Bochner looked at it. "Am I a nurse?"

"You're the fittest man here, aren't you? The best? You've wanted to prove it often enough, so prove it now. You can stay behind to look after the cyber. To take care of your friend."

"You're mad." Bochner took a step toward where Dumarest stood beside the raft. "Insane. What the hell do you mean-my friend? Do you think I'm working with Caradoc?"

"Are you?"

"No! And if you want to call me a liar, go ahead!" Bochner crouched, hands spread, an animal poised to spring. "Talk," he said. "It's just talk. You've no proof. I've been expecting something like this. An excuse for you to turn against me. To take the woman for yourself. If the raft hadn't come, you'd have tried to put your knife in my back. Now you want to dump me. Leave me on this peak. Well, I've a better idea. You stay while I take the raft. You act as a nurse to the cyber while-"
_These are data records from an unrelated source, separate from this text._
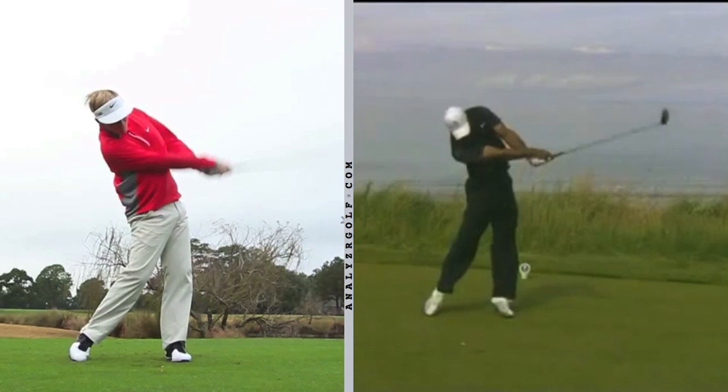As both players swing up to position nine — when the right arm is parallel to the ground — they still have pretty much the same similarities. They both have a nice extended right arm, are solidly on their left side coming off the back foot, and are driving the center of their body and belt buckle toward the target with a little spine angle. The difference is still that Tiger has a very extended left arm, while it's evident that Henley still has a little bit of a chicken wing.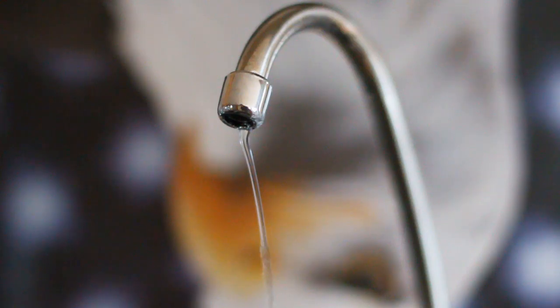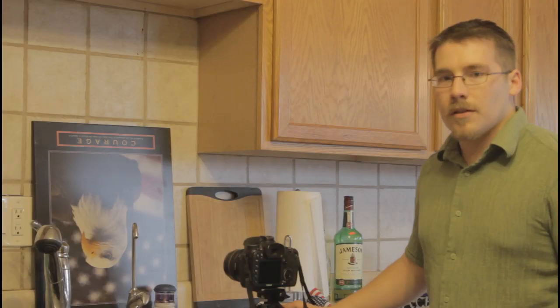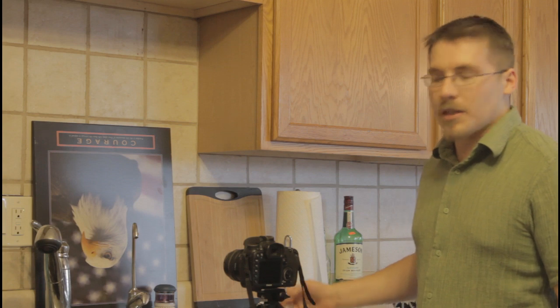You want to start the faucet but dial it back so it's just dripping out. Then there's a whole bunch of trial and error — you want to catch the water as it's dripping.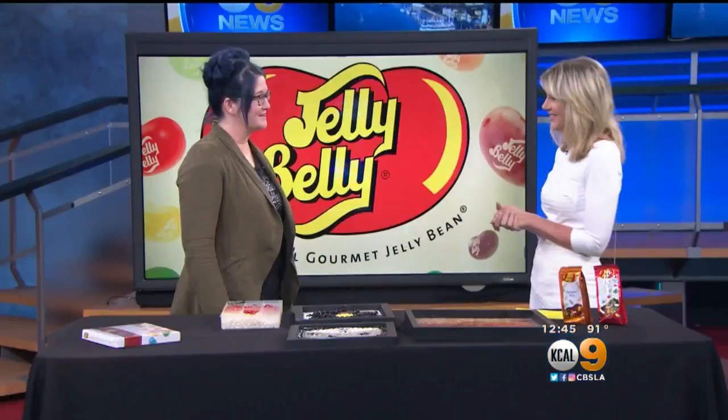There's a lot to do, including the L.A. County Fair, where you can see Kristen Cummings and her Jelly Belly artwork. Kristen is here with us today.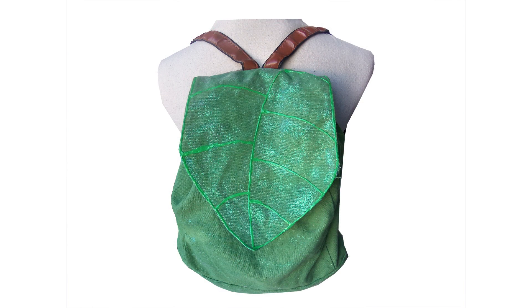Once the glitter paint has dried completely, your Tinker Bell backpack is done. This bag is great for Disney bounding as Tinker Bell in the Disney parks or for back to school.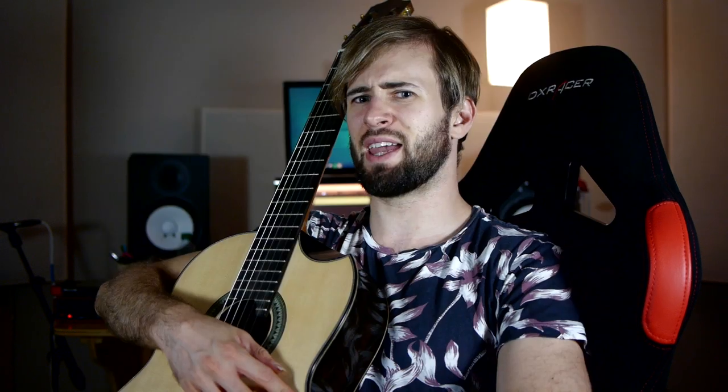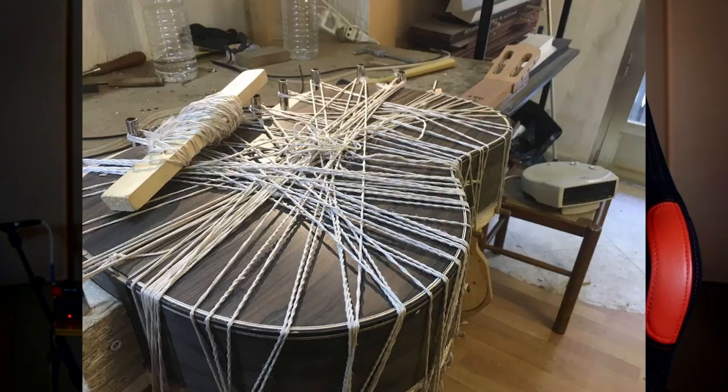So he starts making it, man. He starts sending me all these pictures and stuff. It's like every week, a new picture. Working on rosettes, messing with wood, cutting stuff, headstock done. Just the whole process of this thing being made and him sending me pictures of the progress — it was really, really cool.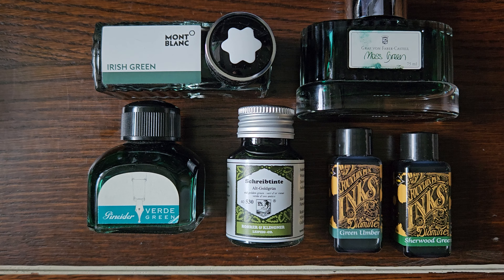Well hello there. Today I thought I'd run through some green inks. Anyone up for that? Now's your chance to go away. Okay then, let's have a little look. So here I have some green inks which I will swatch up and mutter about a little bit and etc. So let's get started shall we?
He moved even as he spoke, the words serving as a distraction, one which Dumarest had recognized. The hunter snarled, his hands slicing through empty air as Dumarest moved, anticipating the attack. Bochner turned, snatching at the knife he carried in his belt, grunting as Dumarest closed in, hand gripping his wrist, his own blade lifted to catch the sun.

For a long, dragging moment they stood, muscle set against muscle, bodies locked, poised in a composition which held the somber elements of death.

Too late, Bochner recognized the trap into which he had been lured. The weakness Dumarest had admitted, the fatigue, the earlier withdrawals from confrontation-all designed to deceive. Now he had met his match. Now he would die.

It waited in the glimmer of the blade, in the edge, the needle point in the cold stare of the eyes so close to his own. In the bleak ferocity of those eyes which he had never seen before. In the strength against which he was helpless. In the determination which closed the space between the threatening point and his throat.

Closed it until no gap remained.

Pressed until the prick of metal bit into his skin.

"Go ahead," Bochner whispered. "Do it! Do it!"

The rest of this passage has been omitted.